Jesús, el Buen Samaritano

 
El Señor no ha querido abolir la antigua ley, sino llevarla a plenitud. Los mandamientos constituyen un camino de vida; un camino accesible. Para conocerlos y cumplirnos no es preciso “subir al cielo” ni tampoco “atravesar el mar”: “El mandamiento está muy cerca de ti: En tu corazón y en tu boca. Cúmplelo” (cf Dt 30,10-14). Dios, desde la creación, había grabado estos preceptos en el corazón de los hombres, para que, escuchando la voz de la conciencia moral, pudiésemos orientar, según ellos, nuestra vida.
Esta capacidad para descubrir los deberes esenciales que debemos cumplir se ve oscurecida por el influjo del pecado, que aparta nuestra mirada de la verdad y desvía nuestra voluntad del bien. El egoísmo, la soberbia, el interés, la inclinación al mal, nos llevan, con frecuencia, a confundir las cosas, a llamar, en ocasiones, mentira a lo que es verdad, o mal a lo que es bien. ¿Cómo explicar, sin esta penumbra que causa el pecado, la reivindicación como derecho, como algo justo, de lo que, en sí mismo, es injusto? Esta perversión del juicio y del lenguaje se manifiesta en toda su crudeza en nuestro mundo; por ejemplo en la defensa del aborto como un pretendido derecho.
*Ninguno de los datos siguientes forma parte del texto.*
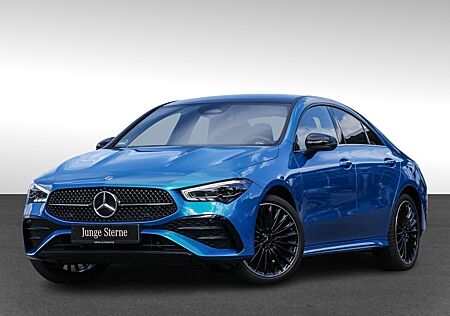 Mercedes-Benz CLA 250 e Coupé EDITION AMG|NIGHT|KEYL|360°KAM|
Por ello, se hace necesaria la luz más fuerte de la revelación divina para que, disipando las tinieblas del pecado, podamos saber qué es lo que Dios espera de nosotros y cómo debemos comportarnos si queremos ser auténticamente humanos. Sin esta luz que viene de Dios, nos sentiríamos perdidos. Los Padres de la Iglesia ven, en ese hombre del que habla el Evangelio, que cayó en manos de los bandidos, que fue apaleado y abandonado medio muerto en un camino (cf Lc 10,25-37), una imagen del hombre, golpeado y herido en su naturaleza por el pecado.
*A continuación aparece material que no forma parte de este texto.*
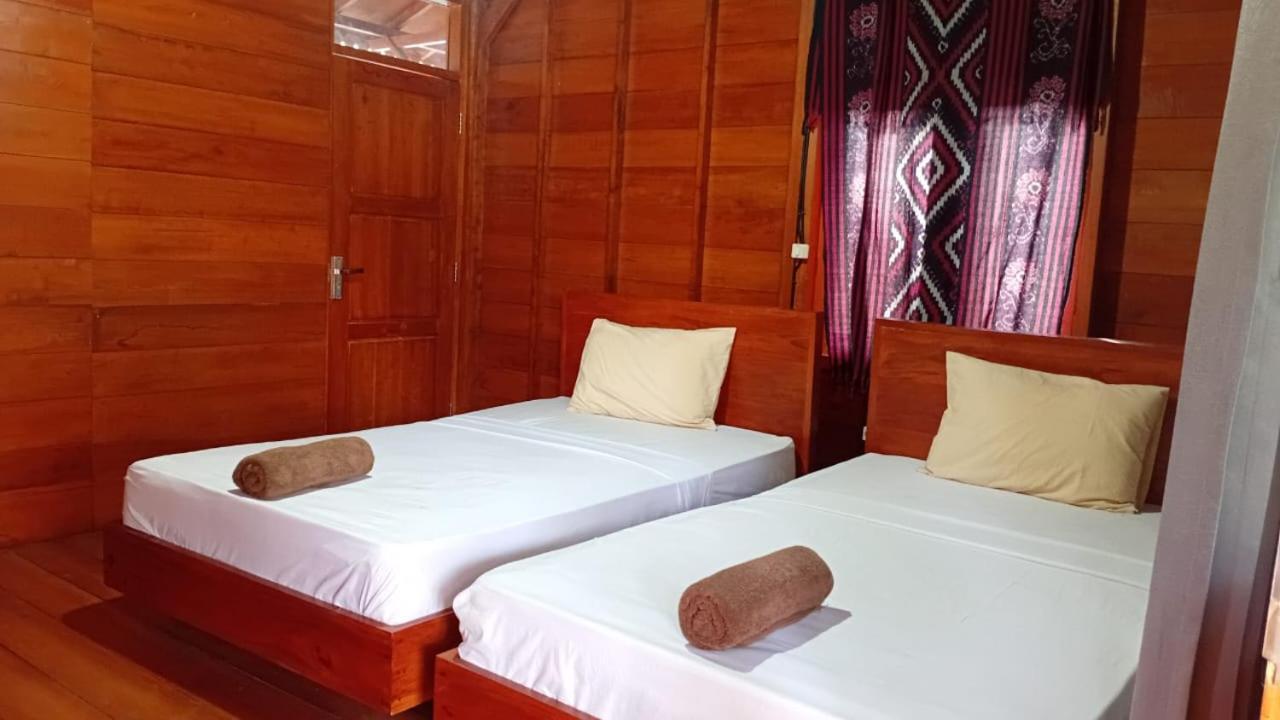 Welly Bungalow Gili Trawangan Exterior foto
Pero esta situación nuestra no ha dejado indiferente el corazón misericordioso de Dios. Para levantarnos de esa postración, para curarnos de la herida del pecado, que todo lo pervierte, y para socorrer nuestra necesidad ha querido acercarse a nosotros. Ha enviado a Jesús como nuestro prójimo, como el Buen Samaritano que nos rescata del abandono. Jesús “pasó haciendo el bien y curando a los oprimidos por el mal”. Él sigue también acercándose hoy a cada hombre que sufre en su cuerpo o su espíritu para curar sus heridas, como reza un prefacio de la Liturgia, “con el aceite del consuelo y el vino de la esperanza”.
 


Jesús nos recoge medio muertos y nos lleva a la posada, que es su Iglesia. Como decía San Juan Crisóstomo: “La Iglesia es un hospedaje, colocado en el camino de la vida, que recibe a todos los que vienen a ella, cansados del viaje o cargados con los sacos de sus culpas, en donde, dejando la carga de los pecados, el viajero fatigado descansa, y, después que ha descansado, se repone con saludable alimento”.


Debemos aprender a ser prójimos unos de otros contemplando a Jesús; haciendo nuestra su misericordia, encarnándola en nuestras vidas y practicándola con aquellos que están cerca de nosotros y necesitan nuestra ayuda. El amor, la misericordia, lleva a su plenitud los mandamientos y genera un mundo nuevo en el que la verdad vuelve a ser reconocida como verdadera y el bien como bueno.

Que el Señor transforme con su gracia nuestros corazones para que podamos ser instrumentos dóciles a través de los cuales se manifieste la cercanía de nuestro Dios.
 
Guillermo Juan Morado.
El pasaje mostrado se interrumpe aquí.